D’ailleurs, à l’heure où on enregistre cette vidéo, Instagram est en train de tester de ne plus afficher le nombre de likes sur les photos. Seule la personne qui poste pourra les voir, et seulement en appuyant sur un bouton pour demander à le voir.
Je ne sais pas vous, mais, perso, j’ai hâte qu’ils généralisent ça à tout le monde.
Un autre aspect important, c’est que la photographie se passe sur le temps long. Ce n’est pas à mettre uniquement sur le compte d’une histoire héritée de l’argentique, où il fallait attendre un certain temps avant de voir ses images, mais comme pour tous les arts majeurs, il faut du temps pour constituer un travail sérieux et cohérent.
Et ça, c’est totalement incompatible avec la précipitation vers laquelle nous pousse internet.
Et aussi, beaucoup de photographes utilisent le temps comme un outil. Cela peut juste permettre de prendre du recul sur son travail en laissant décanter les images, ou être un véritable outil créatif. C’est ce que fait Craigie Horsfield : il développe ses photographies plusieurs années après les avoir prises (parfois jusqu’à 10 ans), une pratique complètement à l’opposé de l’instantané photographique. Cela fait de ses images des créations modernes, mais aussi très influencées par le passé.
Enfin, dernier exemple et non des moindres : John Frusciante. Initialement je viens de la musique et j’ai passé une bonne décennie à la décortiquer dans tous les sens pour en revenir à la photographie un peu plus tard, et pendant tout ce temps-là, le travail de Frusciante a été, personnellement, une grande source d’inspiration.
John Frusciante a été le guitariste des RHCP de 1988 à 1992 puis de 1997 à 2008 environ. Il a finalement quitté le groupe, car il ne s’y sentait plus à sa place, pris entre le star système et une célébrité qui l’empêchait de faire ce qu’il voulait. C’est là un des revers de la médaille, il n’aimait pas l’influence que le public avait sur lui pendant les concerts, public qui le poussait à aller là où il ne voulait pas forcément aller pour le satisfaire.
Alors, c’est un peu paradoxal venant de quelqu’un que ledit public a rendu millionnaire, et j’ai mis beaucoup de temps à le comprendre.
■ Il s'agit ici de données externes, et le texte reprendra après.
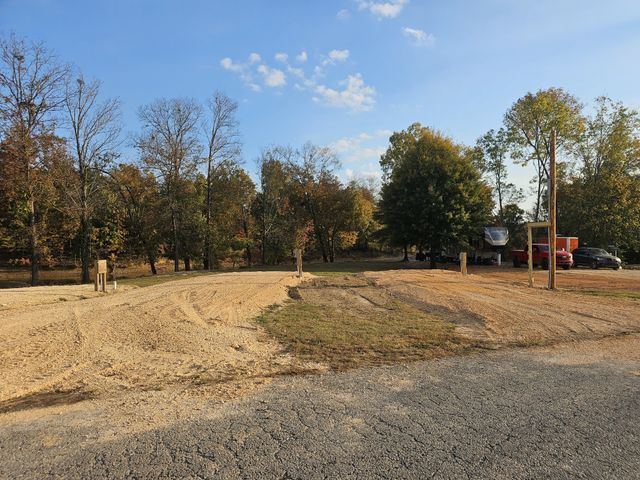 328 Duck Blind Rd, Clifton, TN 38425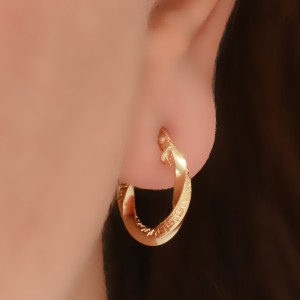 گوشواره طلا 18 عیار زنانه طلای مستجابی مدل حلقه ای کد V01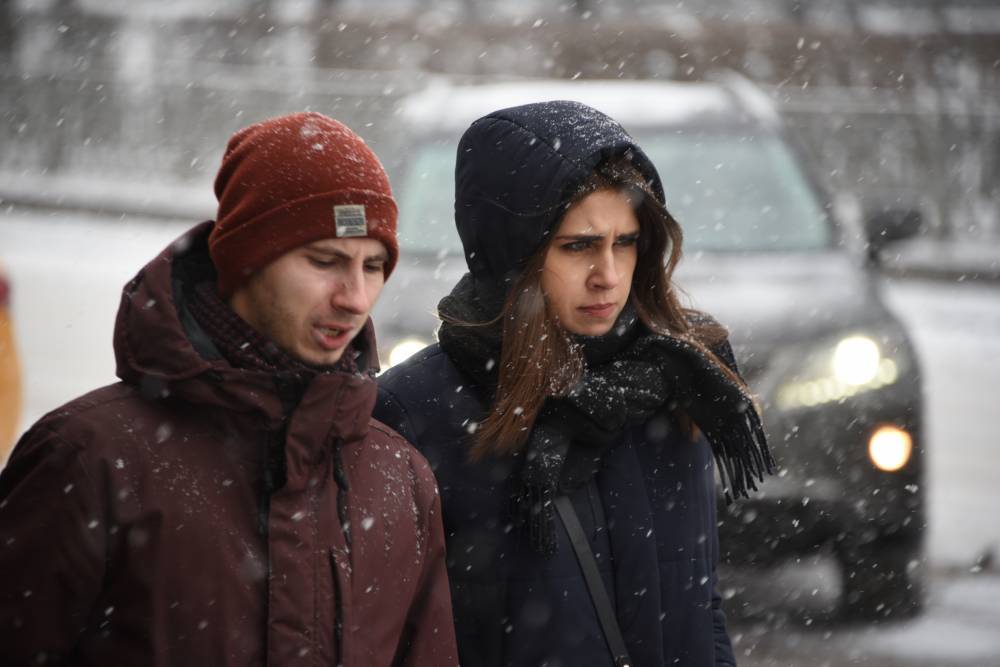 МЧС предупредило москвичей о снеге и гололедице до конца дня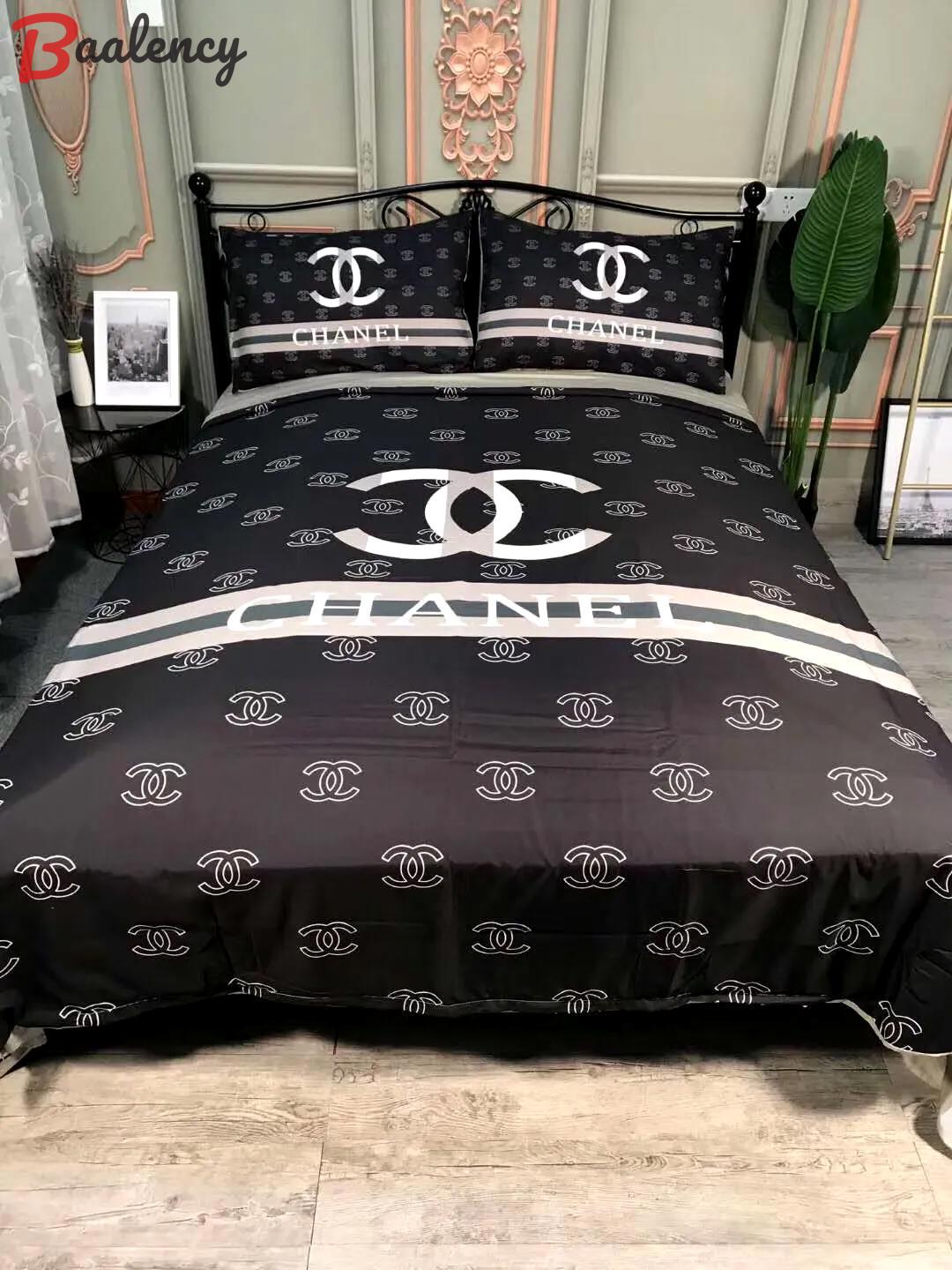 Chanel black new bedding 3d printed bedding sets quilt sets duvet cover luxury brand bedding decor bedroom sets best luxury bed sets gift thankgivings and christmas bedding sets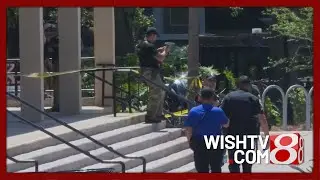 Florida State students visit memorial on campus day after shooting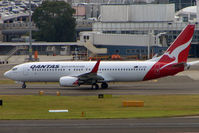 VH-VZB @ YSSY - Qantas B737 at Sydney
Mais ça se comprend, il n’a jamais fait ça pour l’argent, mais par passion pour la musique, il a choisi d’être lui-même plutôt que d’être quelqu’un qui ne sert qu’à satisfaire un public pour gagner des millions.
Prenons-en de la graine.
Conclusion
Alors, tout ça n’est pas un appel à se désinscrire de tous les réseaux sociaux dans la minute et à retourner à l’âge de pierre : y participer est parfois agréable et on y fait des rencontres ou découvertes intéressantes de temps en temps.
Il s’agit plus d’une invitation à les regarder avec un œil critique, à les prendre pour ce qu’ils sont : un outil, et non un but. Et aussi à ne pas avoir peur de claquer la porte quand ça n’a plus d’intérêt. Ne vous adaptez pas à la tendance pour plaire, il est plus important de rester soi-même avant tout.
Rappelez-vous qu’un million de personnes peuvent se tromper, et que la masse ne fait pas la raison.